Information shown:
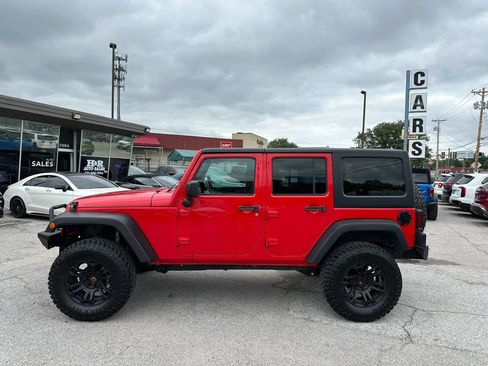 Used 2018 Jeep Wrangler Unlimited Sport AWD/4WD image 2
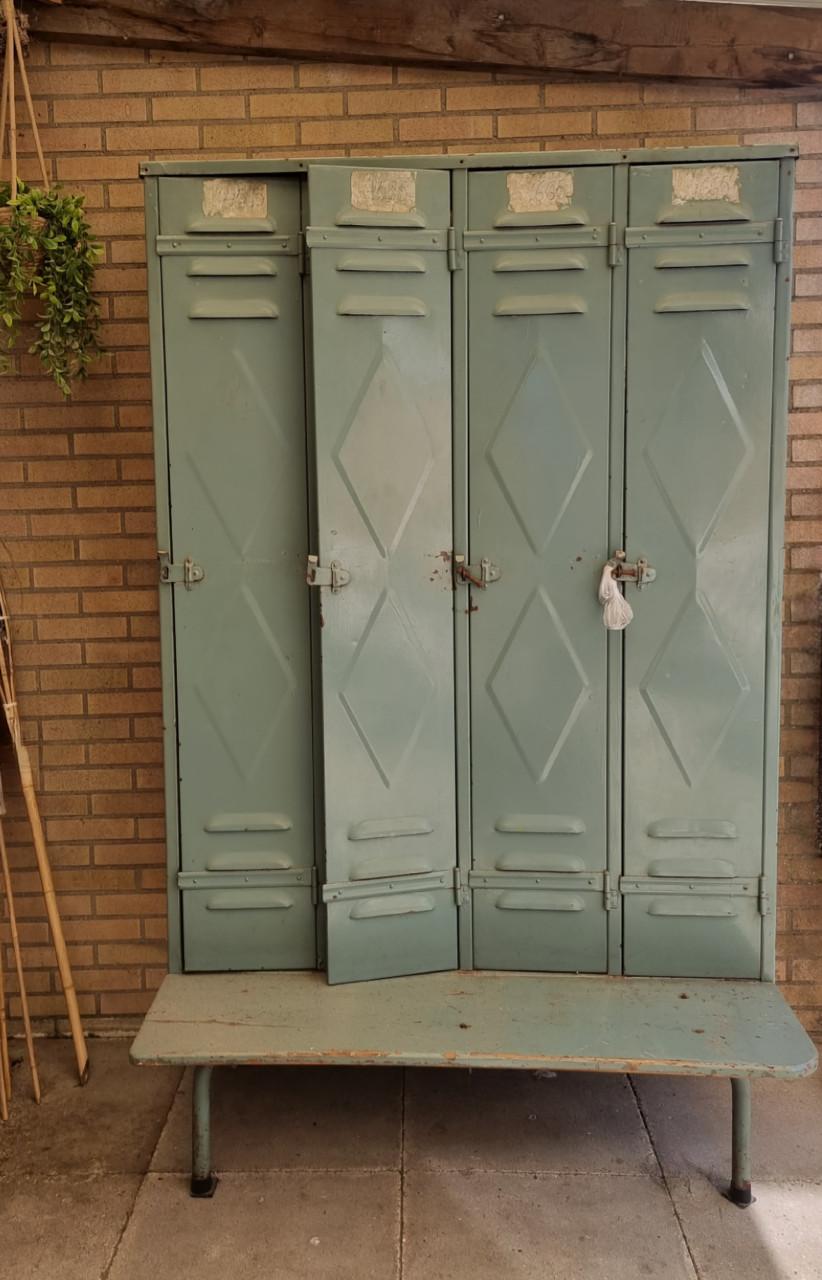 Vintage lockerkast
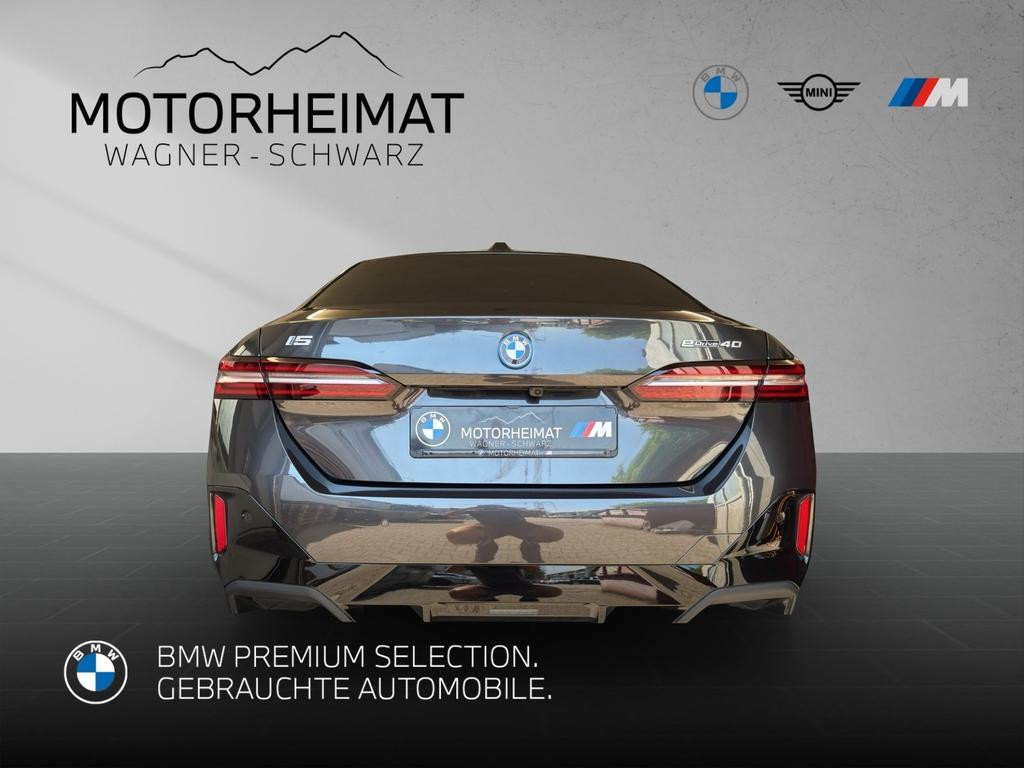 BMW i5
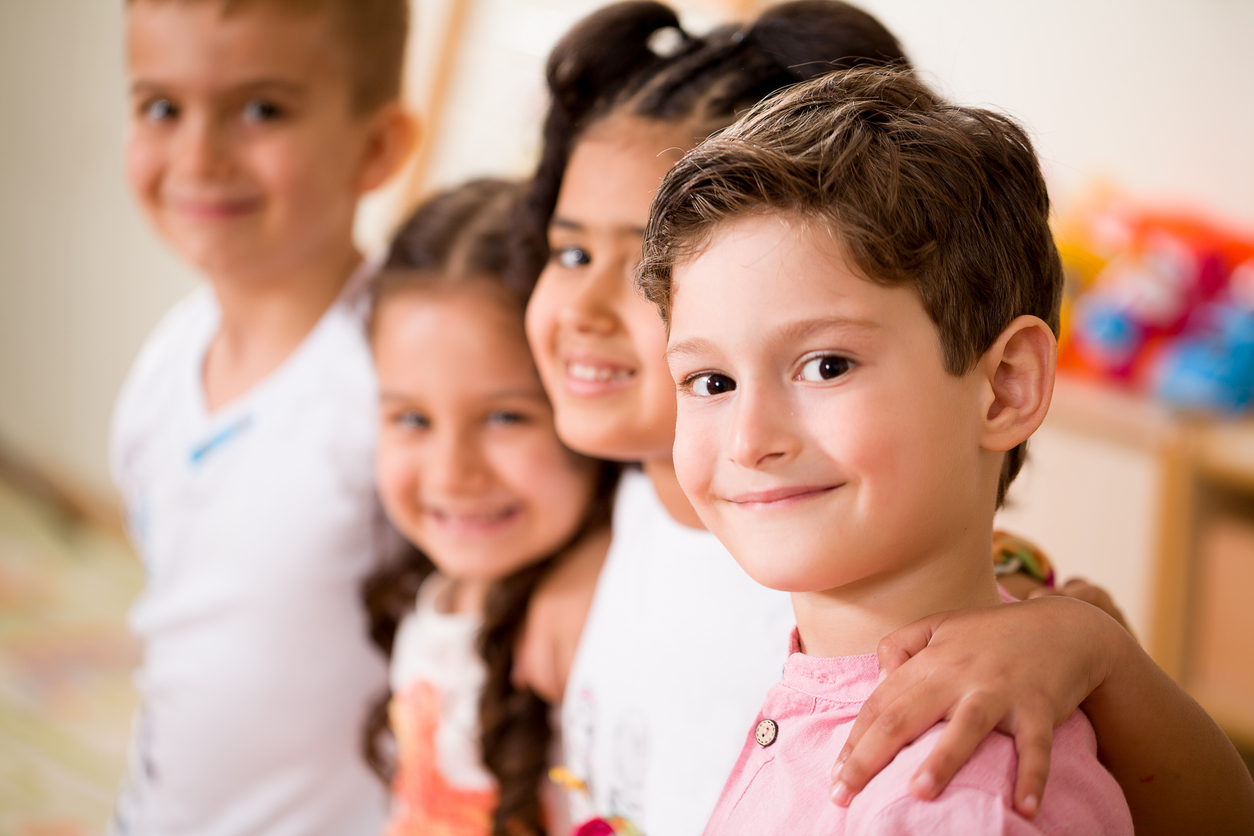 5 βήματα για να βοηθήσουμε τα παιδιά να κάνουν φίλους στο νέο τους σχολείο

Activity: Instruction for this listing: copy it exactly, but leave the images behind.

Answer box:
 Used 2018 Jeep Wrangler Unlimited Sport AWD/4WD image 2
 Vintage lockerkast
 BMW i5
 5 βήματα για να βοηθήσουμε τα παιδιά να κάνουν φίλους στο νέο τους σχολείο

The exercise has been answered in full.